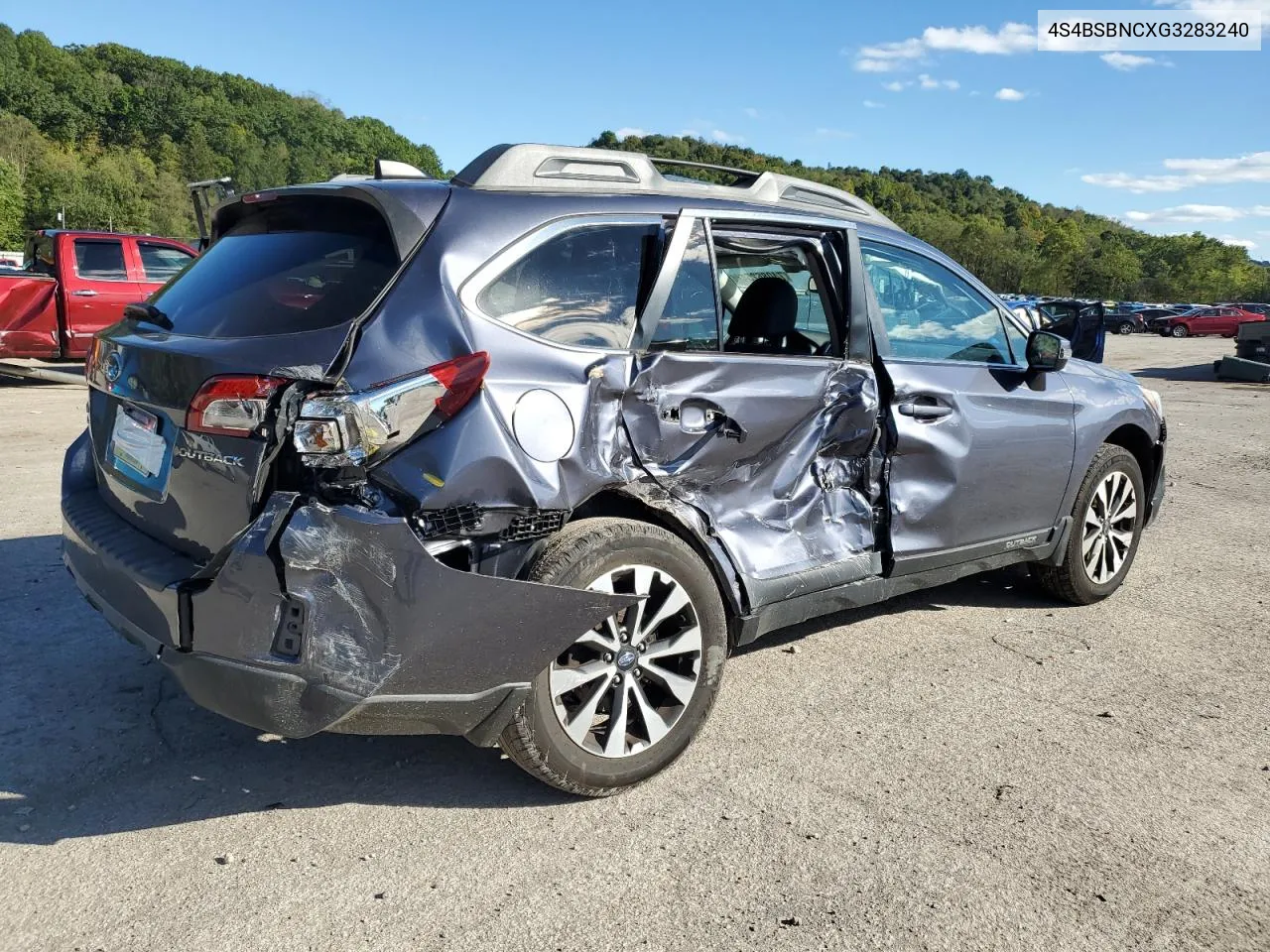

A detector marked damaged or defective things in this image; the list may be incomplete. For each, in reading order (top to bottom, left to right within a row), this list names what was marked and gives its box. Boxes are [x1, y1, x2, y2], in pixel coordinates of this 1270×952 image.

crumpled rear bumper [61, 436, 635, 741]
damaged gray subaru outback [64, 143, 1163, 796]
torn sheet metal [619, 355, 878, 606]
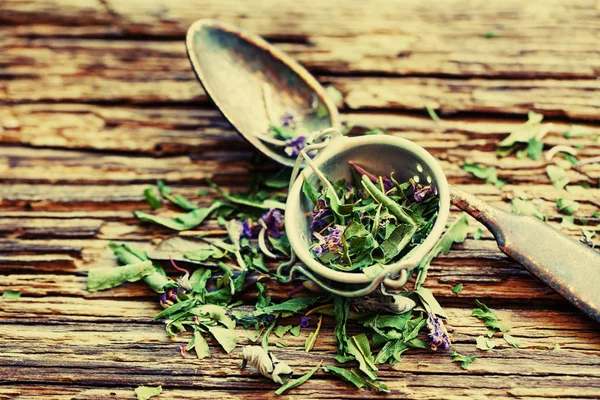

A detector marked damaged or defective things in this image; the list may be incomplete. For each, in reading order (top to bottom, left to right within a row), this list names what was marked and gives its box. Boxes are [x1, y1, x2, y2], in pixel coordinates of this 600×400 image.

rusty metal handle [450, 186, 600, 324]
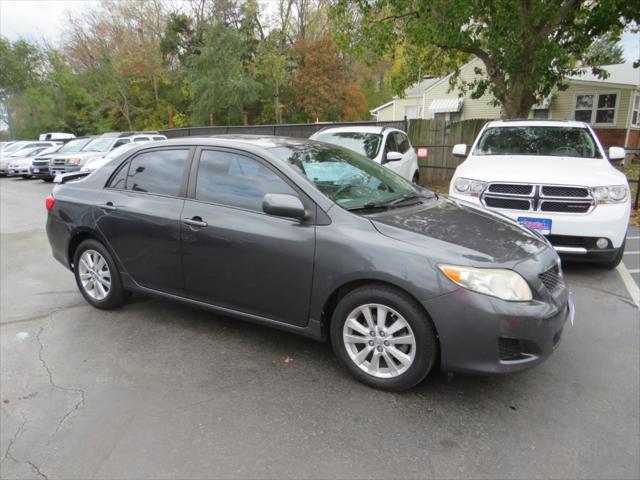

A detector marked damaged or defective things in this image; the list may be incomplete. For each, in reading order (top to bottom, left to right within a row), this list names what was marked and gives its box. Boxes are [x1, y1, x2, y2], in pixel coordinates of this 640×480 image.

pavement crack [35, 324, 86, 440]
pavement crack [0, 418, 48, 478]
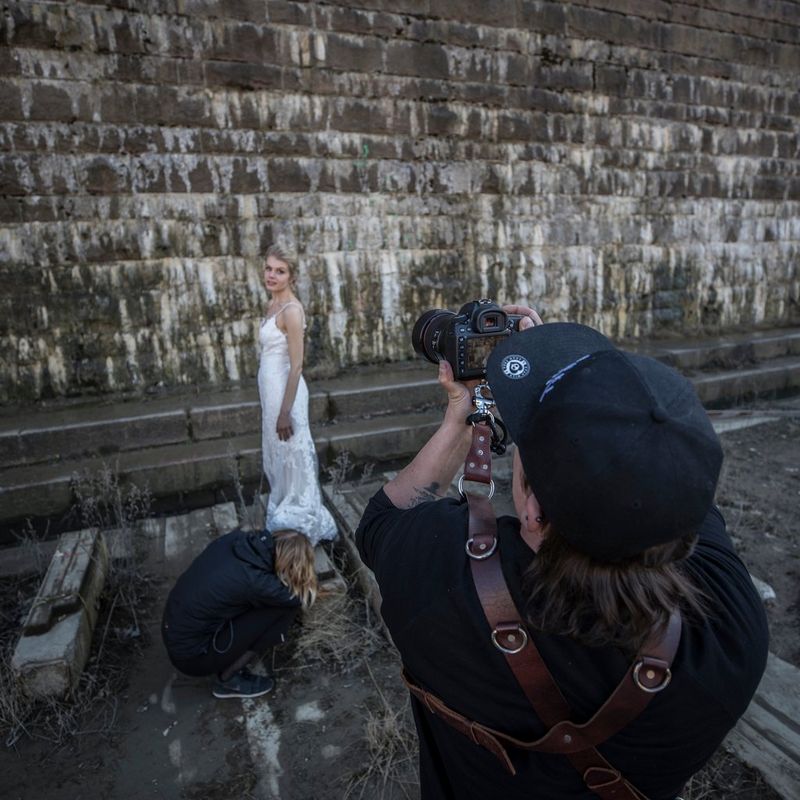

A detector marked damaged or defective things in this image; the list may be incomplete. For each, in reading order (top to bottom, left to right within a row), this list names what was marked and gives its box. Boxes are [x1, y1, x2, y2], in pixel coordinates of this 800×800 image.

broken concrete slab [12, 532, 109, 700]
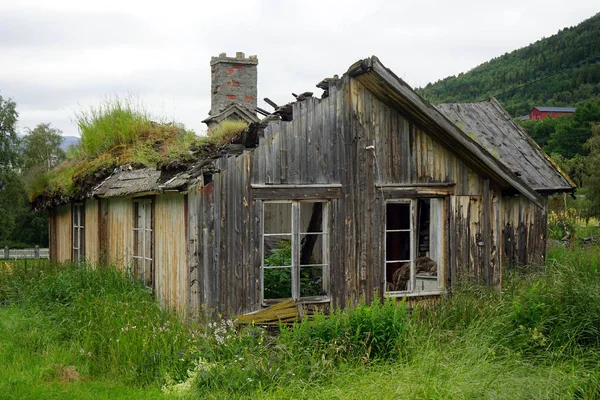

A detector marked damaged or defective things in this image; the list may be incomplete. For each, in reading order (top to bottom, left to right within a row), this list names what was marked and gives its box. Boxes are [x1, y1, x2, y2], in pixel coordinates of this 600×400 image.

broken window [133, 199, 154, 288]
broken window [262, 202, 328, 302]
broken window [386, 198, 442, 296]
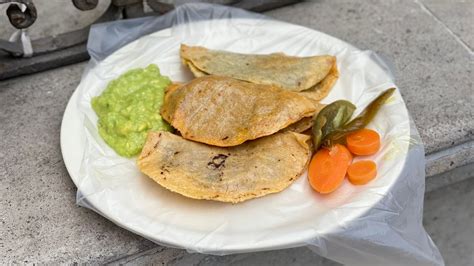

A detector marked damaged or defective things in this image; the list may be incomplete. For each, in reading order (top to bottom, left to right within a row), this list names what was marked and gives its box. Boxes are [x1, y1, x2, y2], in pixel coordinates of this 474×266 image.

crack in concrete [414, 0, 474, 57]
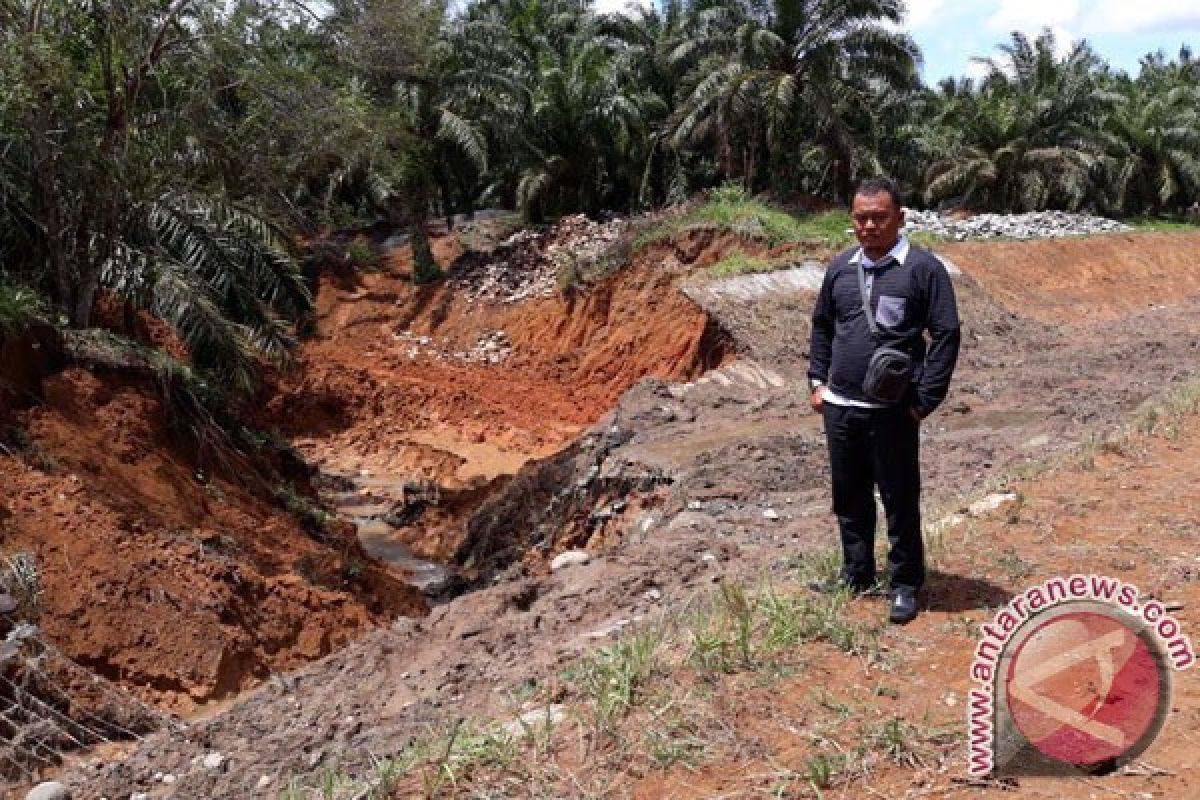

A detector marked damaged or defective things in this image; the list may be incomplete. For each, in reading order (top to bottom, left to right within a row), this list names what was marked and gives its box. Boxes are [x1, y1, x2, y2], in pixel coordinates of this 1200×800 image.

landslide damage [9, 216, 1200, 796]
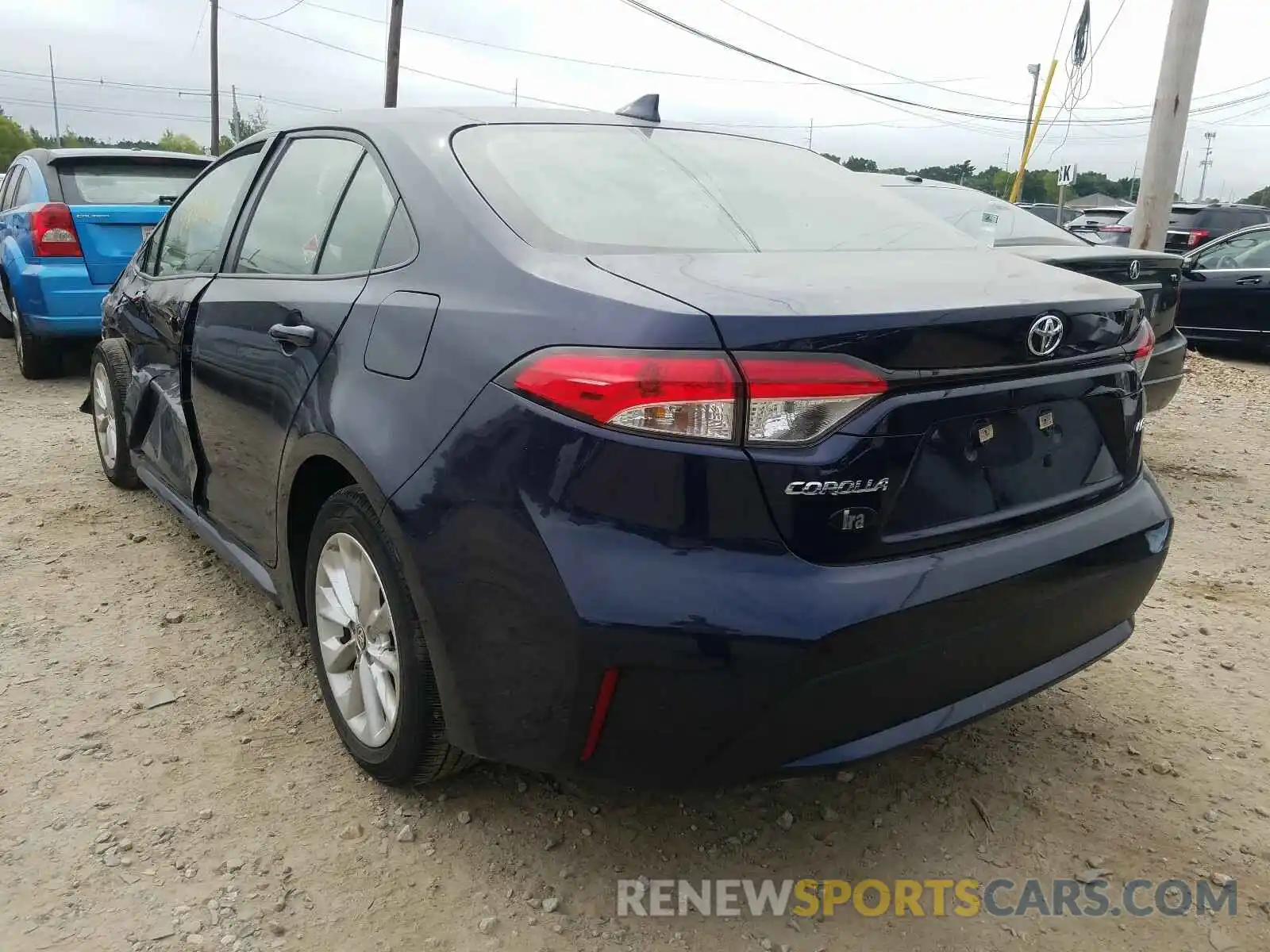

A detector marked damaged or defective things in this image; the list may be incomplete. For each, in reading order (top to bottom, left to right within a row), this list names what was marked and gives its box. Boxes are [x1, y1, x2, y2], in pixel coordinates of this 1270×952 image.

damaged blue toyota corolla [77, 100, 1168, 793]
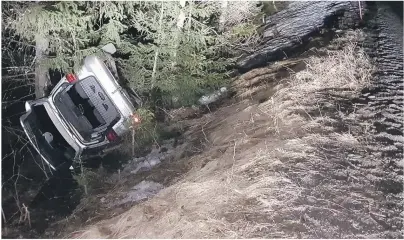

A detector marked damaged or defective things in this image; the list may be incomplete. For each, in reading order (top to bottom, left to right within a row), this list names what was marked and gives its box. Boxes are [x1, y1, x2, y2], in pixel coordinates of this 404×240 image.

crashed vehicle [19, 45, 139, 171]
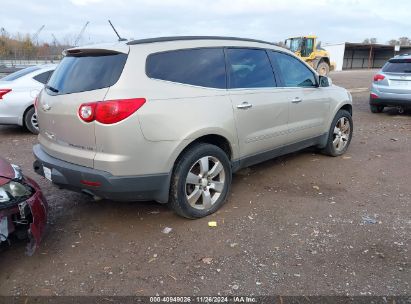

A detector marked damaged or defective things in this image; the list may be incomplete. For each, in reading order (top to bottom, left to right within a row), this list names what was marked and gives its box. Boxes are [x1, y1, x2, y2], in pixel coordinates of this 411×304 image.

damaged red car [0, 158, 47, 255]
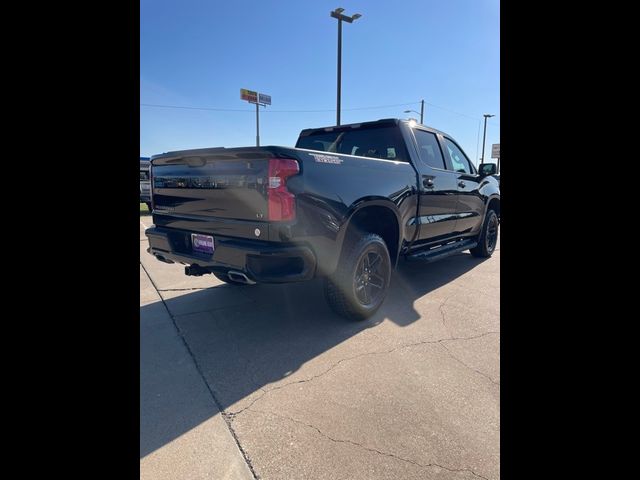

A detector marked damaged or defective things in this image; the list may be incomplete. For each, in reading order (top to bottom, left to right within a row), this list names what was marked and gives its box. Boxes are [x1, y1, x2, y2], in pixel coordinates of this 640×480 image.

+ + + + + + +

§ **Instructions for the task**: Without the pictures, print all of the records exactly.

§ **Output of the task**:
A detector marked damaged or defective things in this image; the list may be incomplete. For each, in reading order (top to bottom, left to right within a row), this list names what was marked and gives its box. Boxes are [x1, y1, x2, y2], in pixel coordinates of this 1270×952 image.

crumpled rear bumper [61, 436, 635, 741]
damaged gray subaru outback [64, 143, 1163, 796]
torn sheet metal [619, 355, 878, 606]

A detector marked damaged or defective things in this image; the list may be incomplete. For each, in reading order (top to bottom, left to right within a row), this list names what was marked and gives its box. Boxes are [x1, y1, x2, y2], in pixel coordinates of this 600×400 image.

rusty metal handle [450, 186, 600, 324]

A detector marked damaged or defective things in this image; the list may be incomplete. For each, in reading order (top to bottom, left to right within a row), this list names what was marked and gives its box. Boxes are [x1, y1, x2, y2], in pixel coordinates of this 640×480 image.

pavement crack [35, 324, 86, 440]
pavement crack [0, 418, 48, 478]

A detector marked damaged or defective things in this image; the list may be incomplete. For each, in reading order (top to bottom, left to right within a row), this list names what was marked and gives its box. Boxes are [x1, y1, x2, y2], in pixel coordinates of this 800×800 image.

broken concrete slab [12, 532, 109, 700]

A detector marked damaged or defective things in this image; the list may be incomplete. For each, in reading order (top to bottom, left to right within a row), this list names what was marked and gives its box. Boxes are [x1, y1, x2, y2], in pixel coordinates of this 600×400 image.

broken window [133, 199, 154, 288]
broken window [262, 202, 328, 302]
broken window [386, 198, 442, 296]

A detector marked damaged or defective things in this image; the list may be incomplete. For each, in reading order (top to bottom, left to right within a row), this list names what was marked and gives its box. Boxes are [x1, y1, x2, y2], in pixel coordinates of this 474×266 image.

crack in concrete [414, 0, 474, 57]

A detector marked damaged or defective things in this image; the list may be incomplete. For each, in reading order (top to bottom, left to right within a row), this list names what was marked and gives its box. Boxes are [x1, y1, x2, y2], in pixel coordinates of this 1200×800 image.

landslide damage [9, 216, 1200, 796]

A detector marked damaged or defective things in this image; the list may be incomplete. For each, in reading order (top to bottom, left to right within a row), this list names what was marked and gives its box. Boxes are [x1, y1, x2, y2], in pixel coordinates of this 1270×952 image.

damaged blue toyota corolla [77, 100, 1168, 793]

A detector marked damaged or defective things in this image; the list may be incomplete. For each, in reading order (top to bottom, left to right within a row), this list names what was marked and gives its box. Boxes are [x1, y1, x2, y2], in pixel coordinates of this 404×240 image.

crashed vehicle [19, 45, 139, 171]

A detector marked damaged or defective things in this image; the list may be incomplete. For each, in reading order (top to bottom, left to right within a row), this list names what was marked and gives its box. Boxes are [x1, y1, x2, y2], in pixel coordinates of this 411×304 image.

damaged red car [0, 158, 47, 255]

A detector marked damaged or defective things in this image; the list may be incomplete. For each, in reading order (top to bottom, left to right within a row), this list names what was marked and gives its box. Boxes are [x1, y1, x2, y2], in pixel coordinates of this 640×480 image.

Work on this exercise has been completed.